> [Your task]
Excluding every picture, print exactly the lines from the one containing "Gator Cases Frequent" through the end of the material below, both ends included.

> [Data below]

• • •

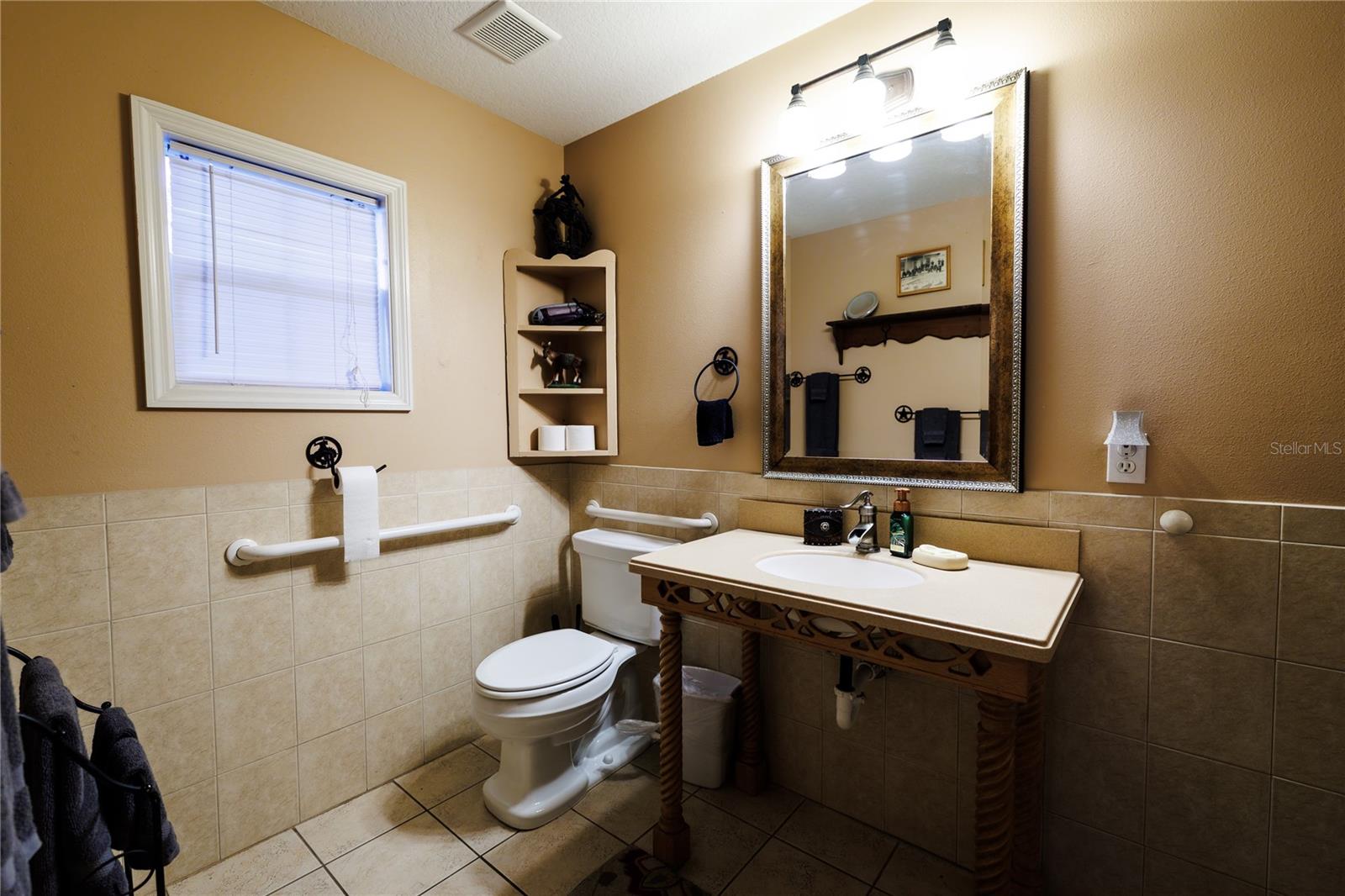 215 E FRENCH AVE, ORANGE CITY, FL, 32763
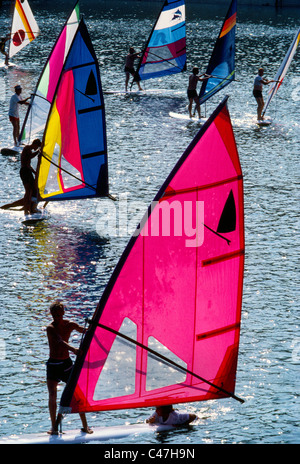 Junge Windsurfer erlernen Techniken dieser beliebten Wassersportarten in Dana Point Harbor in Orange County in Kalifornien, USA. Stockfoto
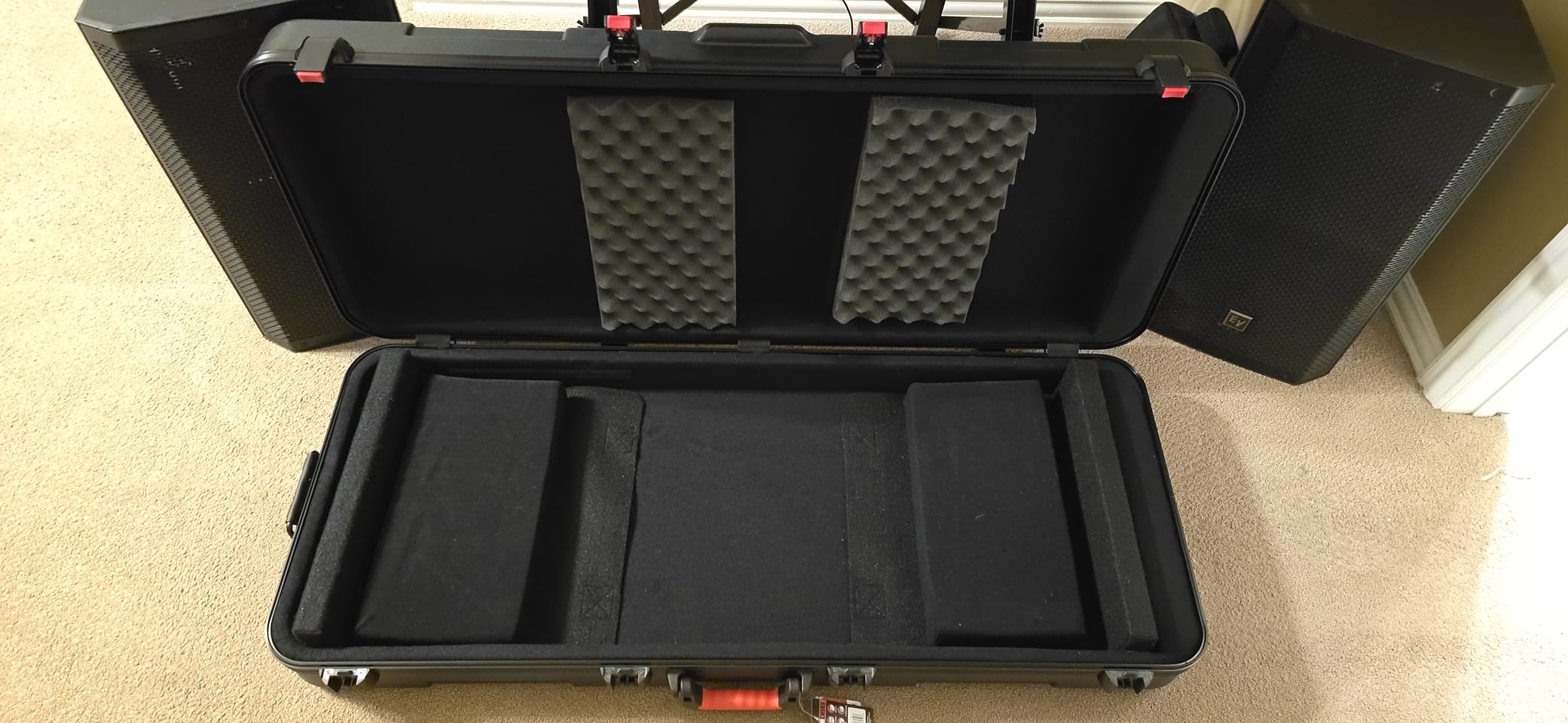 Gator Cases Frequent Flyer's Series Molded Flight Case for 76-Note Keyboards with TSA Approved Locking Latches and Recessed Wheels, (GTSA-KEY76) customer photo 2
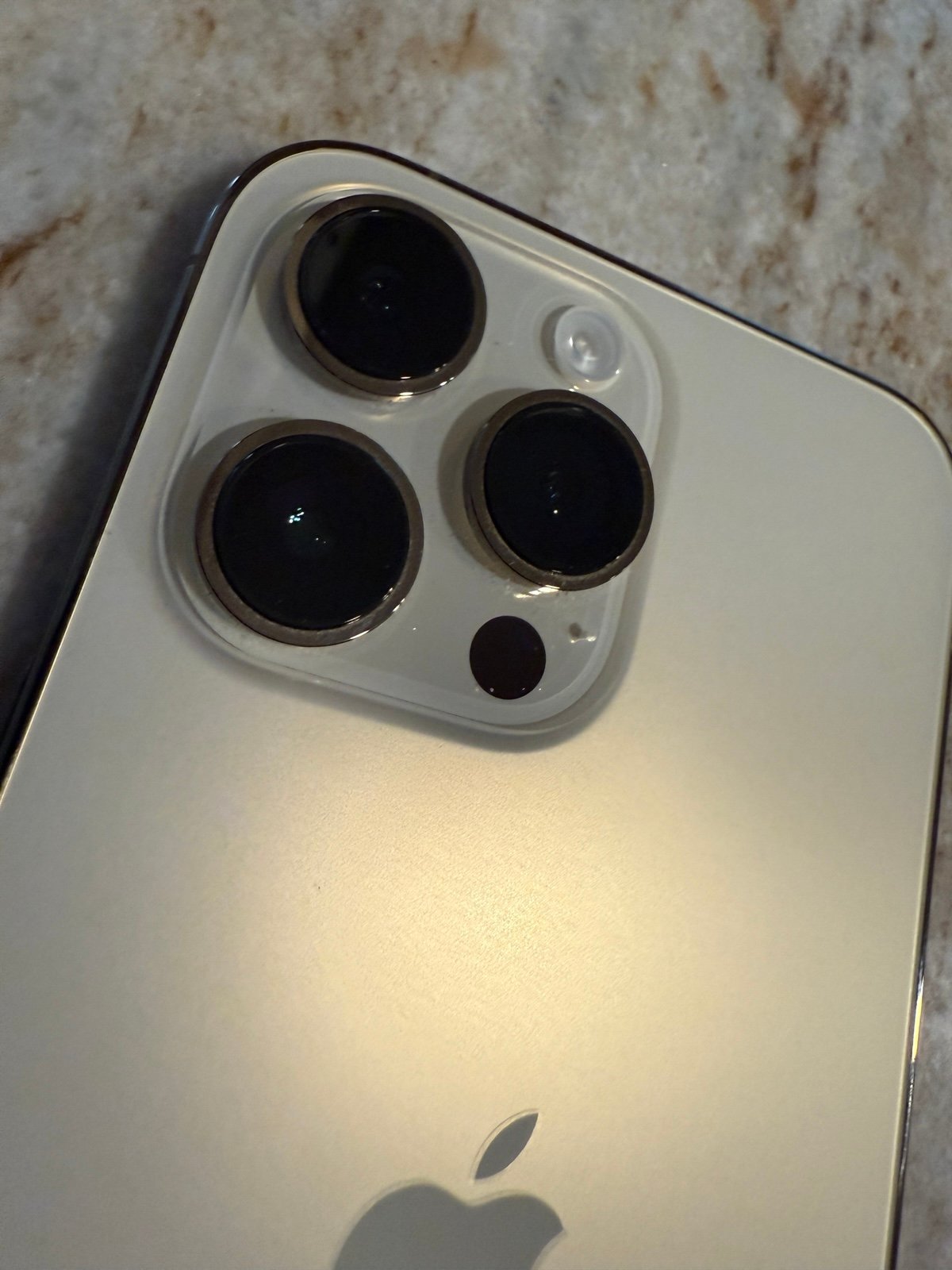 Apple iPhone 14 Pro Max 128 GB in Gold for Unlocked 5Y73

• • •

> [Solution for this exercise]
 Gator Cases Frequent Flyer's Series Molded Flight Case for 76-Note Keyboards with TSA Approved Locking Latches and Recessed Wheels, (GTSA-KEY76) customer photo 2
 Apple iPhone 14 Pro Max 128 GB in Gold for Unlocked 5Y73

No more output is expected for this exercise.